> [REQUIRED WORK]: Down to the last line below, write out every line exactly, starting with the one that contains "1918. 10.000K bélyegzés" and leaving out the pictures.

Web page caption snippets

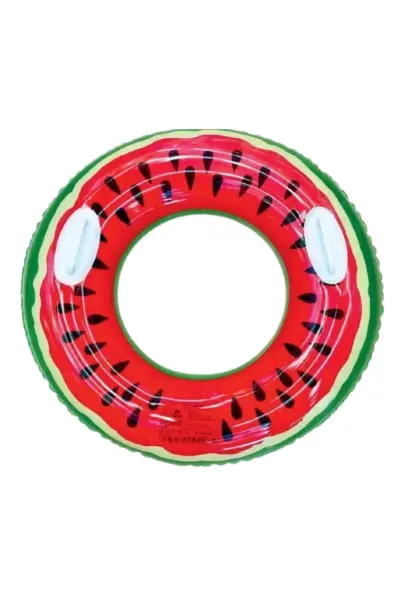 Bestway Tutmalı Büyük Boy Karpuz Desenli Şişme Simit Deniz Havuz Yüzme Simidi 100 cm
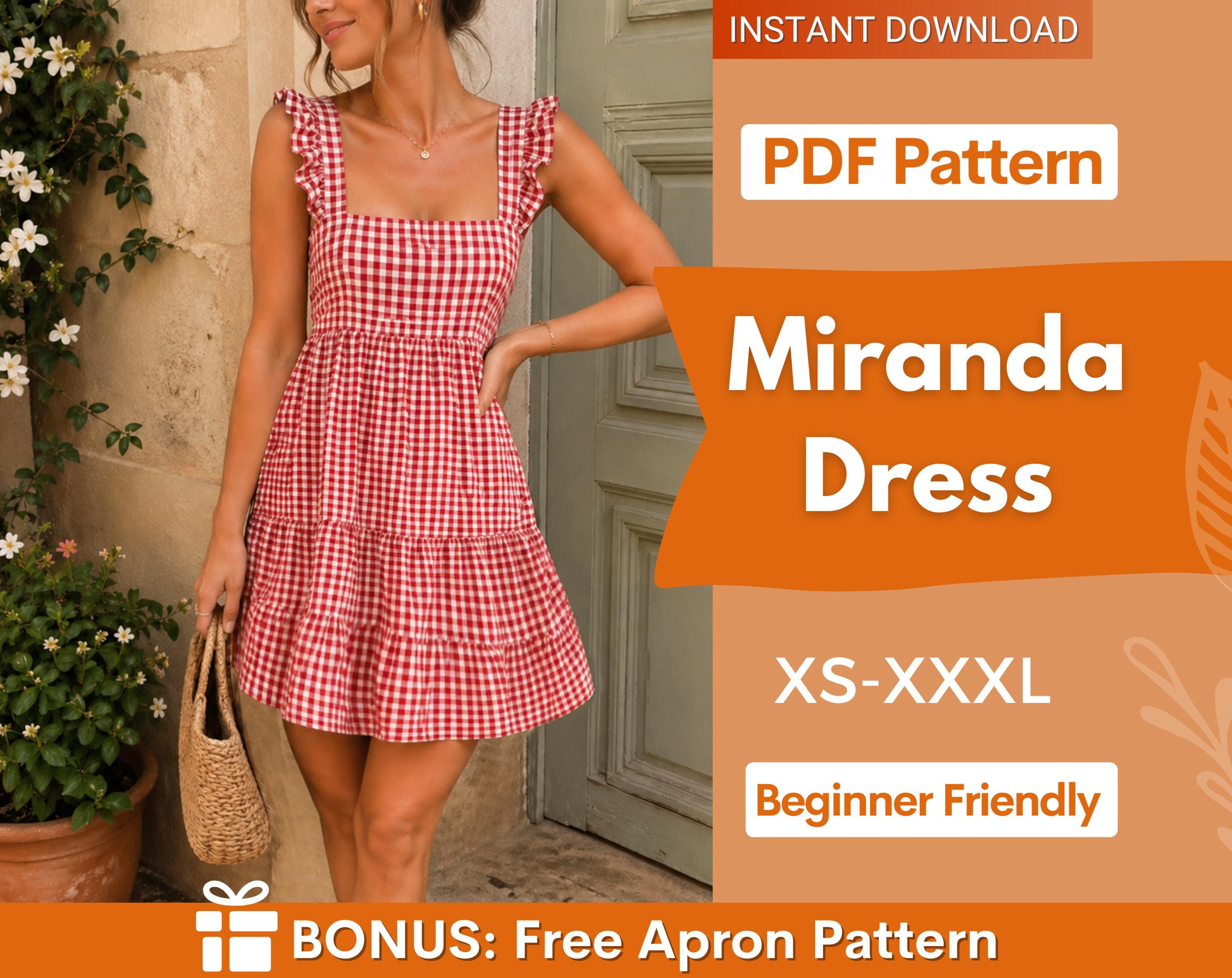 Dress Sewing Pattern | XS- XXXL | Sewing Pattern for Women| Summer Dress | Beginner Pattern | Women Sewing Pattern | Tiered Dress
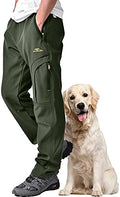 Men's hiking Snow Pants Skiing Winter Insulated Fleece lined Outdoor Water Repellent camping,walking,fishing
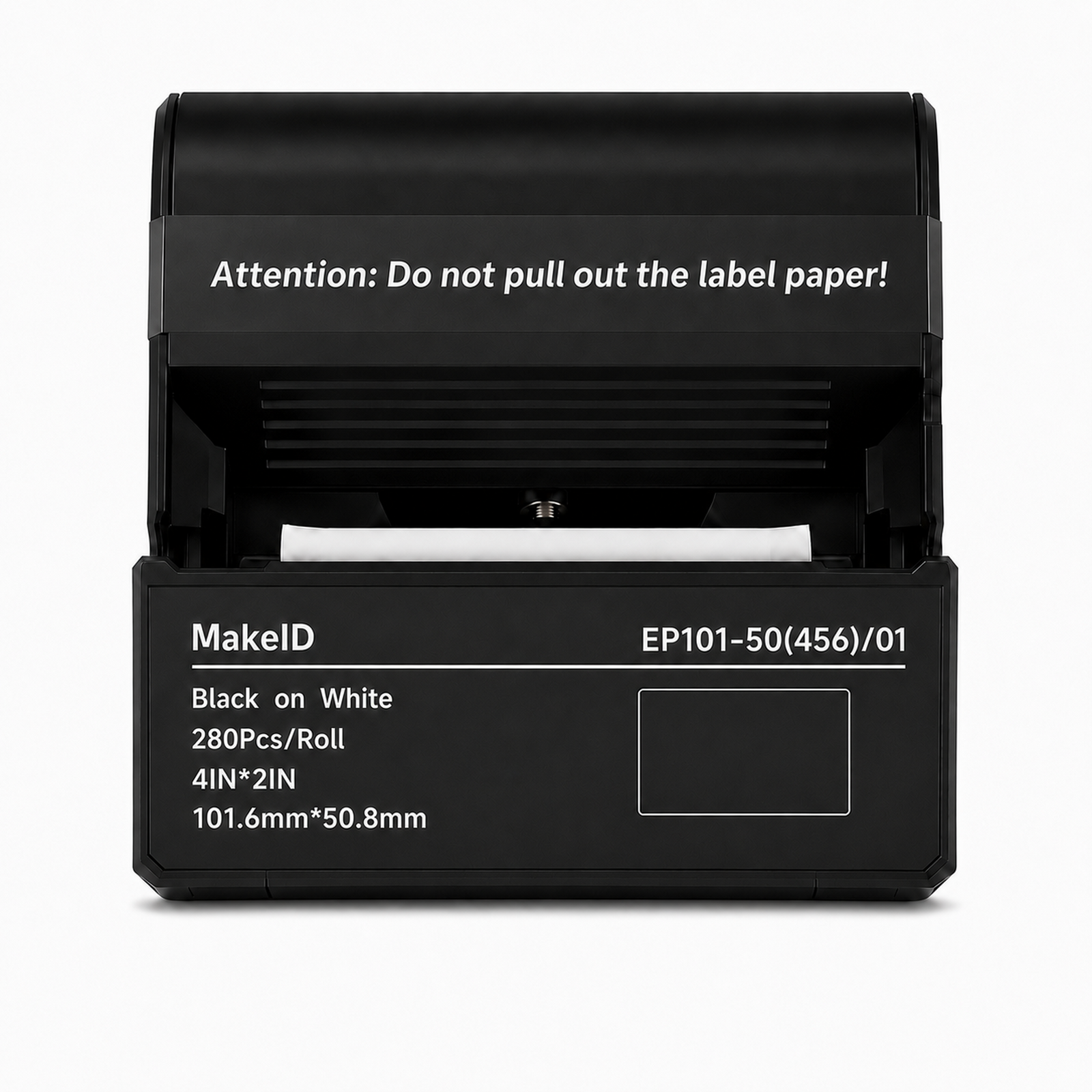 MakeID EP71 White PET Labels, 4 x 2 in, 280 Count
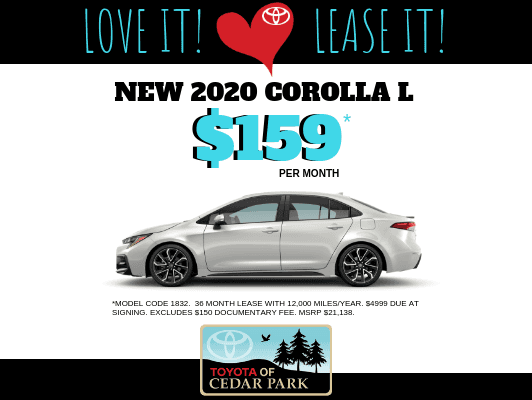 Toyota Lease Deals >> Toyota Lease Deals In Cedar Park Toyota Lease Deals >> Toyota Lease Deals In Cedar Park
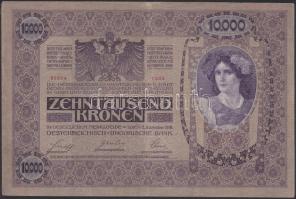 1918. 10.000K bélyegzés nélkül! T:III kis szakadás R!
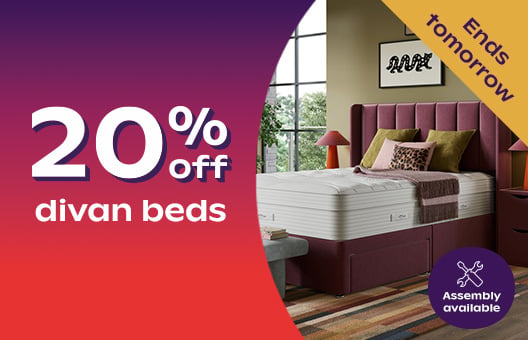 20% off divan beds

> [REPLY TO THE TASK]:
 1918. 10.000K bélyegzés nélkül! T:III kis szakadás R!
 20% off divan beds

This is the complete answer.